WO 97/11724 to Txc3x6rmxc3xa4lxc3xa4 et al. also discloses a biodegradable implant. The macroscopic structure of the implant comprises two or several zones, which are created in a manner that they have different degradation times. This technique does not, however, define any preparatory measures for achieving functional modification of the surgical implant, for instance, the self-expansion property of the implant, in order to prevent migration of the implant.
It has been surprisingly discovered in this invention that the migration of biodegradable surgical implants used for supporting, connecting or separating organs, tissues or parts thereof can be substantially eliminated. This invention relates to a biodegradable implant or the like manufactured of polymer-based material and intended to be installed in vivo. The biodegradable implant comprises at least two sections manufactured of different polymer-based materials and joined together to form at least a part of the implant, wherein
the first section has first period of degradation and self-expansion in vivo, and
the second section has second period of degradation and self-expansion in vivo.

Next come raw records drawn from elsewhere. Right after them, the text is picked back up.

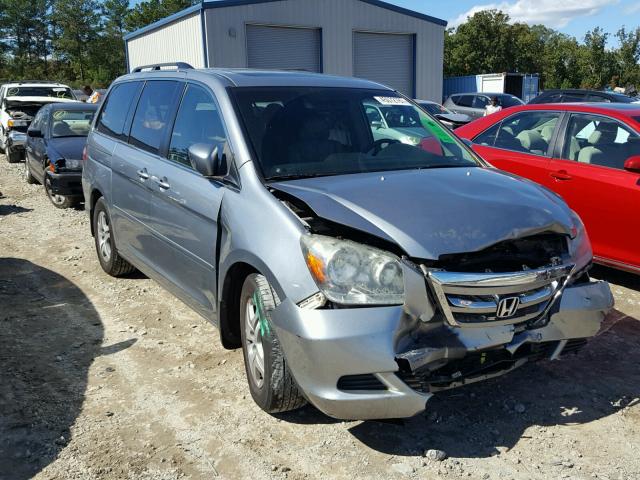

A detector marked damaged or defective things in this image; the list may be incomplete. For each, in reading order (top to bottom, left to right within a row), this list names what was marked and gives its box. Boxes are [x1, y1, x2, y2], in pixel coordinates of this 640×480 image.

crumpled hood [48, 137, 86, 167]
exposed headlight assembly [302, 234, 402, 306]
crumpled hood [272, 168, 576, 260]
exposed headlight assembly [568, 211, 592, 274]
damaged front bumper [268, 270, 612, 420]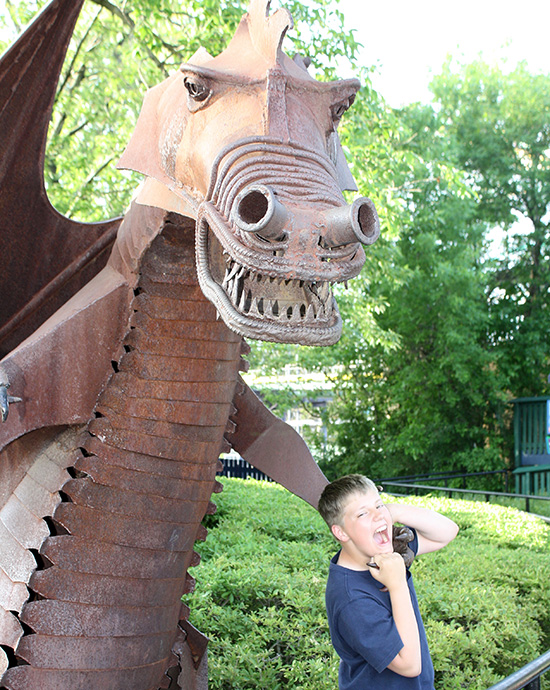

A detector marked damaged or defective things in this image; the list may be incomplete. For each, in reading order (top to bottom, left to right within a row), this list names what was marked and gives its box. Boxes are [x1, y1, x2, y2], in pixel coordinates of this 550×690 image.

rusted metal surface [0, 0, 380, 684]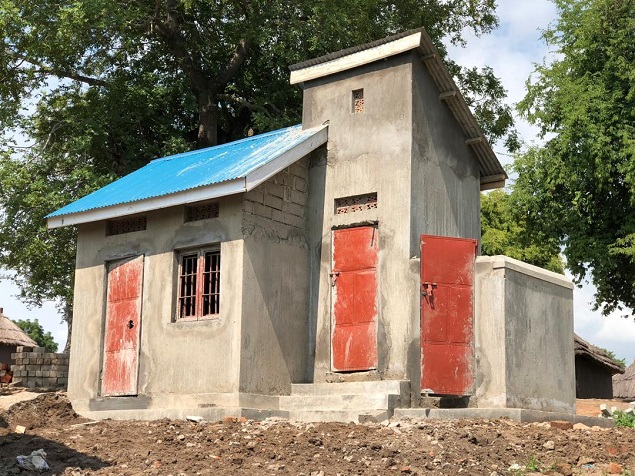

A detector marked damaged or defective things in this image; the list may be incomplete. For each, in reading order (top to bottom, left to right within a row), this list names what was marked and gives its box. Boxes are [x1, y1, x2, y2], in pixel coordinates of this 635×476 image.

peeling red paint [102, 255, 144, 396]
peeling red paint [332, 227, 378, 372]
peeling red paint [422, 234, 476, 394]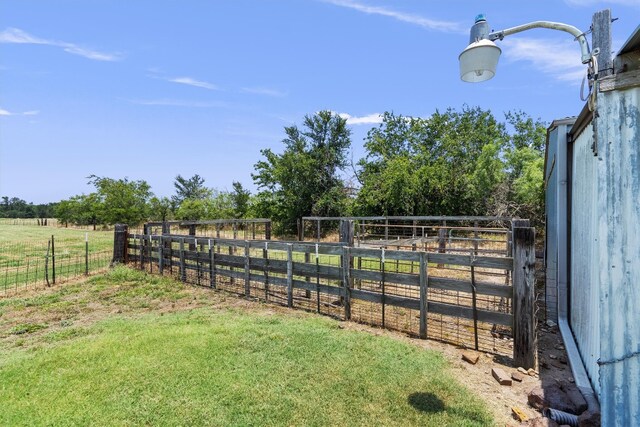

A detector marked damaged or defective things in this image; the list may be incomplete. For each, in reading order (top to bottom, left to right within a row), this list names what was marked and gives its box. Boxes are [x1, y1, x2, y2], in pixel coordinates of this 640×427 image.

rusted metal panel [596, 88, 640, 427]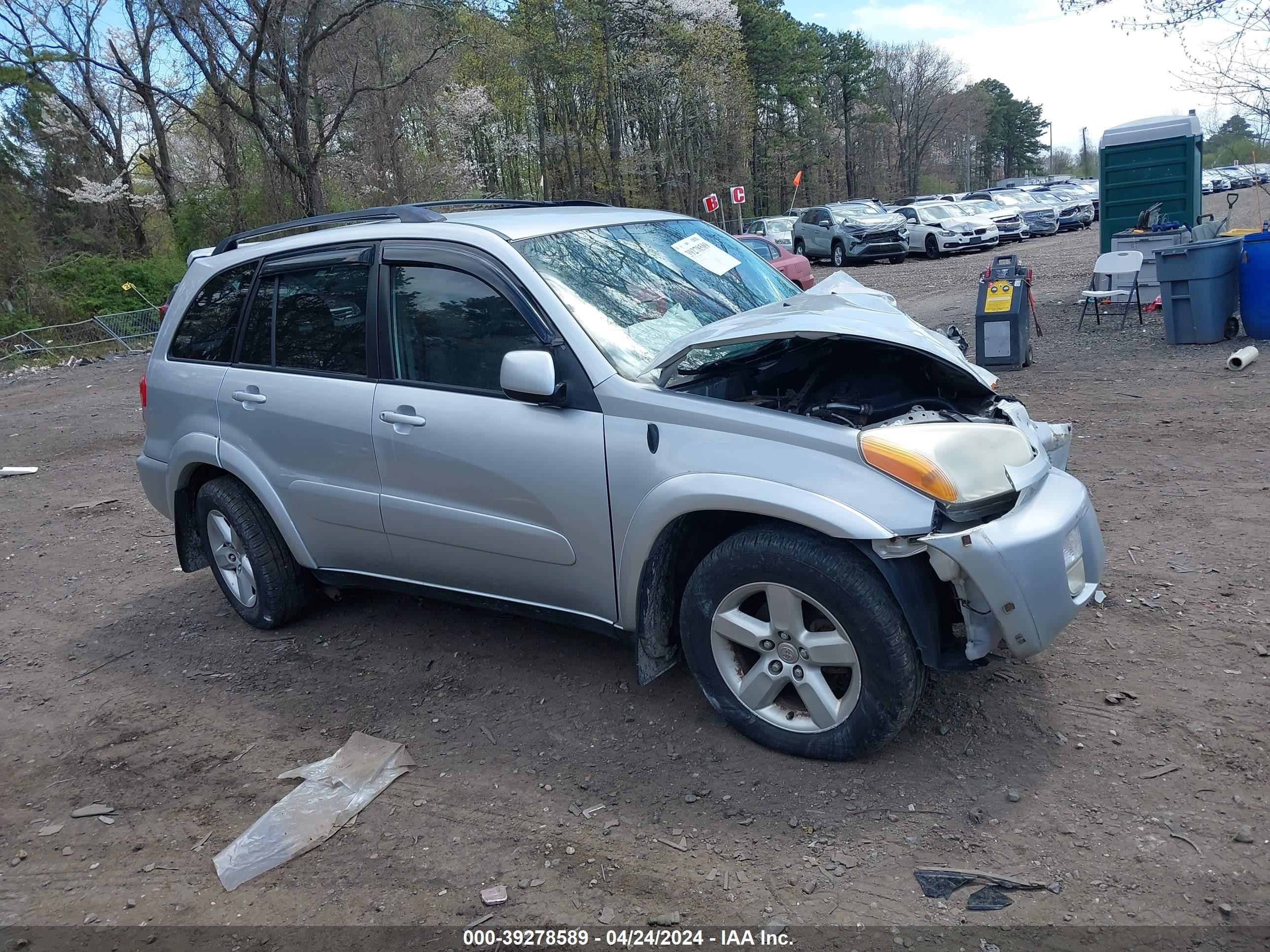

By using the implant of the present invention and selecting the periods of degradation and self-expansion appropriately, it is possible to ensure a rapid and firm fixing of the implant after its installation. The second portion of the implant will rapidly expand, thereby affixing the implant securely in its intended location, e.g., a blood vessel or other duct. The first section of the implant, which degrades more slowly than the second section of the implant, will expand more slowly than the second section of the implant. While the first section of the implant is expanding, the second section of the implant, which has already expanded, is helping to ensure that the implant does not migrate. Once the first section of the implant has expanded and is affixed securely in its intended location, it will provide the longer-lasting structural support that is needed. Once the first section of the implant has expanded and has affixed itself to the intended location, the second section of the implant may biodegrade, leaving the first section of the implant in place.